Hopefully this blog will be interesting even if the reader is not a #1 Brooke fan, because, of course, personal essays are not just about the writer. This is a difficult concept for people to grasp. Take, for example, the previous blog in which I wrote about my dad crashing his car into a neighbor’s living room. That was true. What wasn’t true was the line I gave him to say after he crashed: “I zagged when I should’ve zigged!” I can’t know my dad said this as I wasn’t there: I wasn’t yet born. But my dad has slurred stuff like this before in precarious situations. I know him, and you don’t, but I want you to. Thus I give him things to say that reveal parts of him. And I don’t just want you, the reader, to know my dad, but maybe something bigger about loving people who are so strange and wonderful and flawed, and about the fear of becoming a person such as that. Or not becoming that person. Who am I if not my father’s daughter? We all ask ourselves these questions in one form or another in life. These ideas are implicit in any personal writing.
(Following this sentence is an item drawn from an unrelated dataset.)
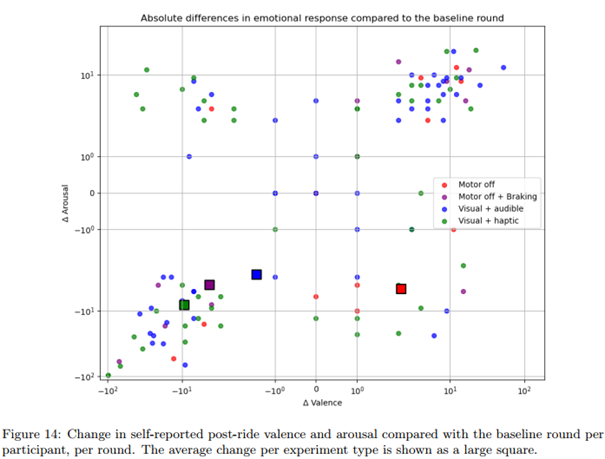 A chart with colored circles and numbers

AI-generated content may be incorrect.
Non non-fictioners might balk at this stuff. They might Joe Wilson me: “You lie!” I don’t think I do. I’m not inventing people or situations—just teeny parts of them. I’d argue this makes them more real. If I had my dad read the line I gave him—“I zagged when I should’ve zigged!”—he’d likely say, “Man, I remember that like it was yesterday. I was funny then.” Glug, glug. He’ll know he said it, because he feels it’s true. That’s what’s most important, I think, about writing non-fiction: writing what you feel is true.

A friend recently mentioned it must be difficult to straddle the line of revelation and discretion—I mean, I’m writing about my life, sometimes about the gritty little parts of it, and posting it on the internet for the world to see. Isn’t that, oh I don’t know, like Lindsay Lohan climbing out of a car with no underwear on? I say no, mainly because I always try to imagine the person I’m writing about reading what I’ve written. I try to say nothing that, if they were being honest with themselves, they wouldn’t admit to being real. This is a form of loyalty to the craft and to the people I love. Ultimately I’m writing to discover something about them, about us. Of course I could lie about my part in all this, make Brooke always witty and charming and not stumbling over words and ideas and not eating another bag of cookies when I shouldn’t be. But then I’d have to Joe Wilson myself.

Oh! I forgot another reason I started this blog: I secretly hope I’m discovered just like the prize winner of Defiance, Ohio. Some Huff Po editor will stumble across Buggy Face and say, hey, we should pay this person for her thoughts! I suppose the University of Alabama already technically does that, but in the classroom I’m forced to speak ideas aloud. Unfortunately sometimes that means we wind up talking about poop and then I say something or other that makes the class think I’m communist. Maybe in two months they’ll think it’s funny to draw a swastika or turd on my evaluations. I’d really rather write.